3. Adaptations réglementaires suite à la consultation devenue facultative du CODERST

L’article 42 de la loi ASAP rend facultative la consultation du conseil départemental de l’environnement et des risques sanitaires et technologiques (CODERST) pour les enregistrements d’installations classées pour la protection de l’environnement (ICPE) autres que ceux nécessitant une adaptation des prescriptions nationales, pour les arrêtés complémentaires des enregistrements ICPE, pour les arrêtés de prescriptions spéciales des déclarations ICPE, et pour les canalisations de transport et leurs modifications.

Pour réaliser cette évolution, le projet de décret met en cohérence avec la loi diverses dispositions du code de l’environnement concernant les enregistrements et déclarations ICPE. Les dispositions relatives aux canalisations avaient déjà été modifiées de manière anticipée dans le décret pris en 2020 sur le sujet, avec une rédaction telle que l’intervention de la loi les rend directement opérantes.

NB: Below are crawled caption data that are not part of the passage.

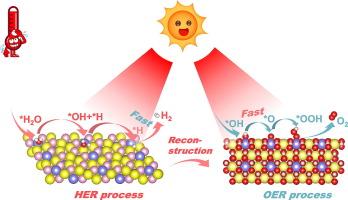 Photothermally enhanced electrocatalytic water splitting with iron-doped nickel phosphide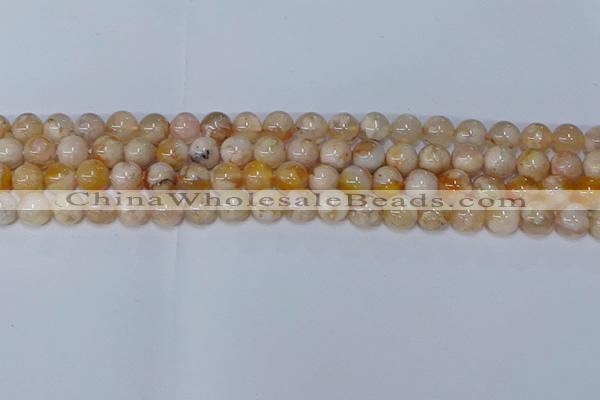 CAA1072 15.5 inches 8mm round sakura agate gemstone beads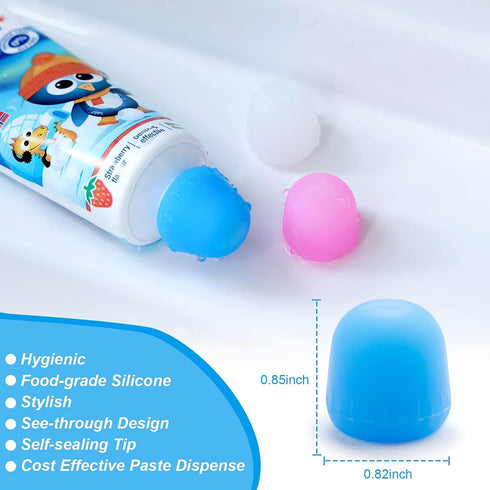 6 Pack Silcone Toothpaste Cap, Tnvee Reusable Self Closing Toothpaste Squeezer Dispenser with Organizer Box for Kids and Adults in Bathroom, Hygie...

Pour l’ensemble de ces cas, lorsque la consultation du CODERST n’est pas prévue, une information de cette instance doit néanmoins être faite. La situation est ainsi alignée sur celle qui existe déjà en ce qui concerne l’autorisation environnementale.

4. Mise en cohérence de la procédure d’autorisation environnementale à la possibilité d’une participation du public par voie électronique, lorsque l’autorisation ne donne pas lieu à évaluation environnementale

L’article 44 de la loi ASAP introduit la possibilité pour le préfet de réaliser la consultation du public sous la forme d’une participation du public par voie électronique (PPVE), et non pas exclusivement d’une enquête publique, lorsque l’autorisation environnementale ne donne pas lieu à évaluation environnementale. Auparavant, l’enquête publique était la seule modalité de participation du public possible dès lorsqu’il y avait autorisation environnementale.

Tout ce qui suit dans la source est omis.